Clearly defined roles and responsibilities.
3] Future State
The third step defines the EA vision of the future state by specifying requirements, principles, and models that describe long‑term goals and how to achieve them. The first task is to define the context of EBA changes and understand how business context applies to the EBA iteration.
4] Current State
The fourth step establishes a baseline of the current state, aiming to understand the status of business dimensions within the EA/EBA scope. The current‑state documentation should reflect the level of detail needed for the future‑state documents, preparing for the next step—identifying gaps between where you are and where you want to be.
5] Gap Analysis
When the EBA team reaches this step, the gaps between the current and future states should be evident. The goal is to clearly record these gaps.
6] Migration Plan
The EA roadmap serves as a valuable planning tool, helping the organization define a set of clear proposed change projects to move the enterprise from the current state to the future state.
EBA teams should:
Recommend changes to EBA dimensions (people, processes, organization, finance).

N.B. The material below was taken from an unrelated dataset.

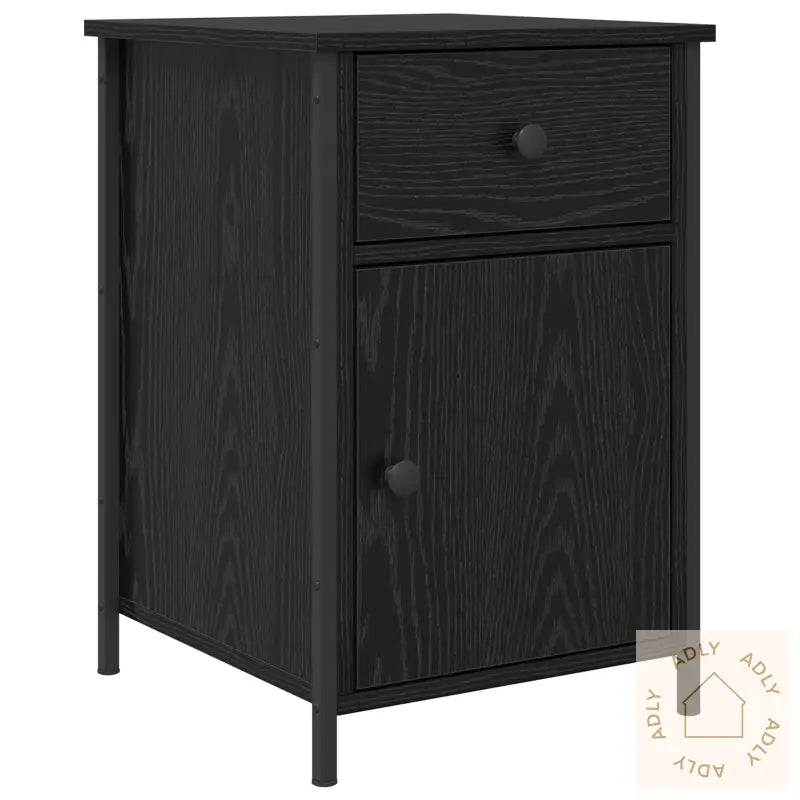 Nattbord Svart Eik 40X42X60 Cm Konstruert Tre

Identify changes to related ETA, EIA, and ESA architectures.
Determine adjustment decisions (organizational changes, re‑defining projects, project launches).
Determine investment decisions (skills, personnel, technology).
Identify scenarios for key areas that may be affected by internal or external factors (compliance, culture, politics, industry, region).
7] Iteration and Optimization
As the organization continuously moves toward the future, the EBA team should consider deeper iterations as needed, especially strengthening dependencies on other architectural viewpoints; this enables better relevance analysis and impact analysis, thereby increasing agility.
Operating Model
An operating model is an abstract representation of how, where, and with whom an organization operates, encompassing daily decisions to achieve its mission and strategic goals while delivering value to target customers.
The alignment of operating model and business model is a key component for tightening a company’s execution model, allowing more value to be delivered at lower cost. Business architects have a huge opportunity to define operating models that create significant value for their companies.
Figure 2
Five Core Elements for Creating an Effective Operating Model
The five elements are essential for defining an operating model:
Leadership
Governance
Organizational Model
Capabilities
Services
Business architects who focus on the clarity and consistency of these elements will support the success of corporate strategy.